If you’re straight and you need time off to care for a sick spouse, federal law requires that you get Family and Medical Leave. But if you’re gay, you could get denied that right, depending on what state you live in. A new rule was supposed to expand access to Leave for gay couples last week, but at the last minute Texas Attorney General Ken Paxton sued to stop it. Now a judge has put the rule-change on hold. That means that Texan LGBTs will have to choose between taking care of their family and keeping their job.
The basis for last week’s ruling was the Defense of Marriage Act. Wait, didn’t the Supreme Court overturn DOMA? Well, technically, no. The Supreme Court only ruled against the part of DOMA that blocks the federal government from recognizing marriage. There’s another part that allows one state to disregard licenses from another state. And Paxton thinks that should give him permission to withhold medical leave from gays and lesbians who married in other states.
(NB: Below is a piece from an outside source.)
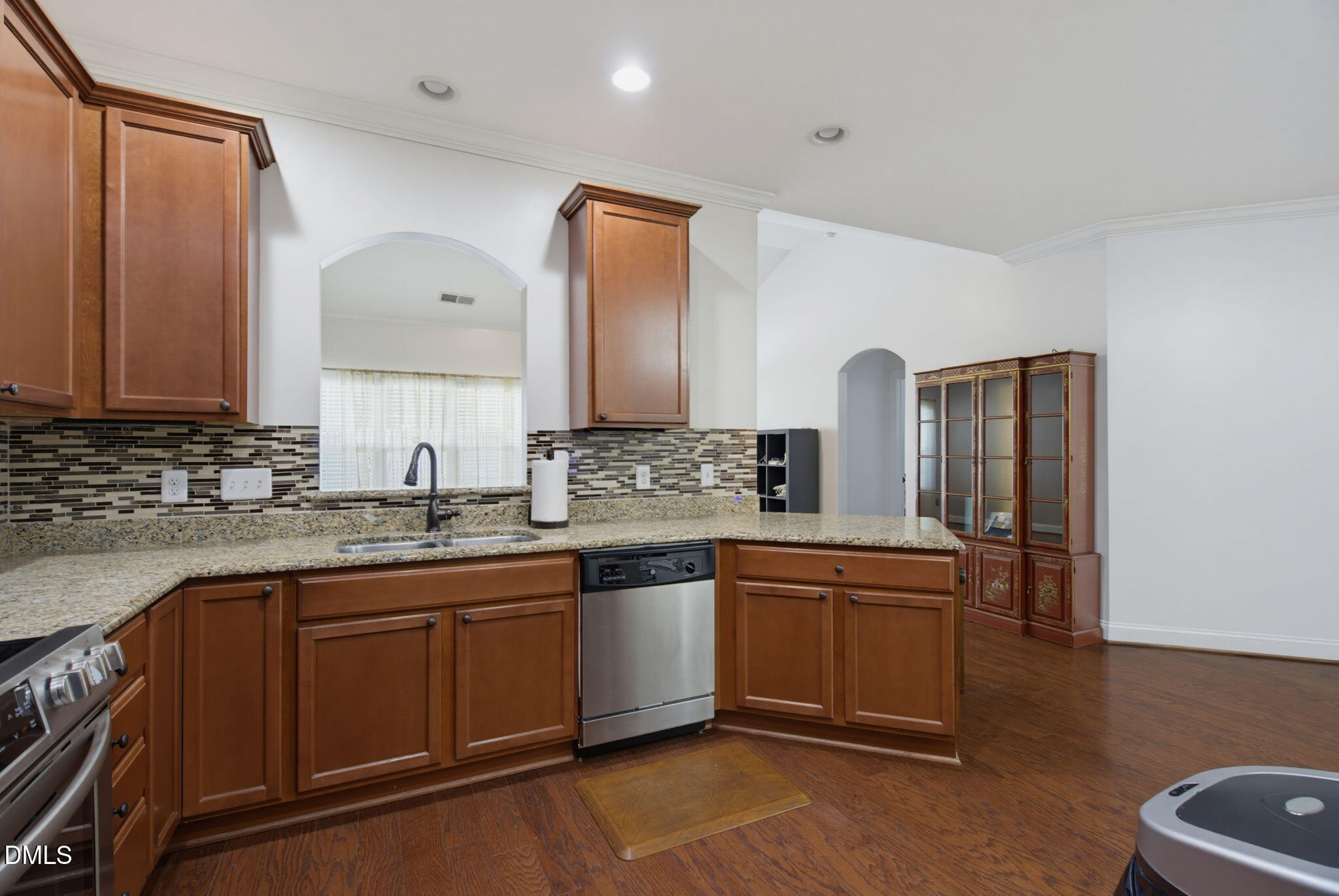 621 Village Lake Drive Property Photo 5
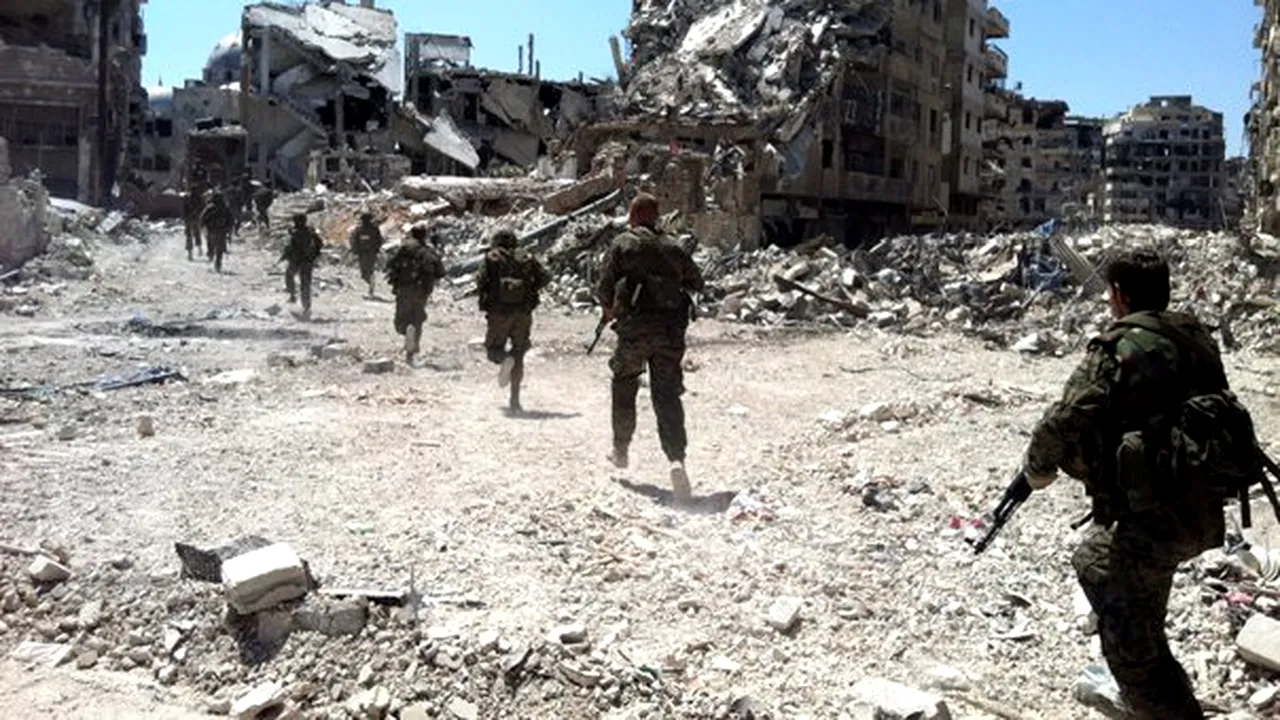 Un chirurg britanic susţine că lunetiştii din Siria îşi alegeau ca ţinte femei însărcinate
Of course, there’s one other authority here that Texas might want to consider: The U.S. Constitution. The Supreme Court will hopefully rule in June that the equal protection clause applies to LGBTs. But homophobic Texas lawmakers are preparing for that, too. They’re pushing a bill that would give the Secretary of State the authority to punish any clerk who issues a license to couples the state doesn’t like. That means Texas would be saying, in essence, “oh we’re letting clerks obey the Supreme Court’s ruling. We’re just punishing them for doing so.”
Meanwhile, the Alabama marriage mess is continuing. The latest update: state Attorney General Luther Strange has asked a court to reject a class-action suit filed on behalf of the state’s LGBT couples. He says that even though they can estimate how many gays and lesbians live in Alabama, there’s just no way to know how many of them want to be treated equally. The plaintiffs will respond to that on Wednesday of this week, as soon as they can find a legal way to say “pretty much all of them do.”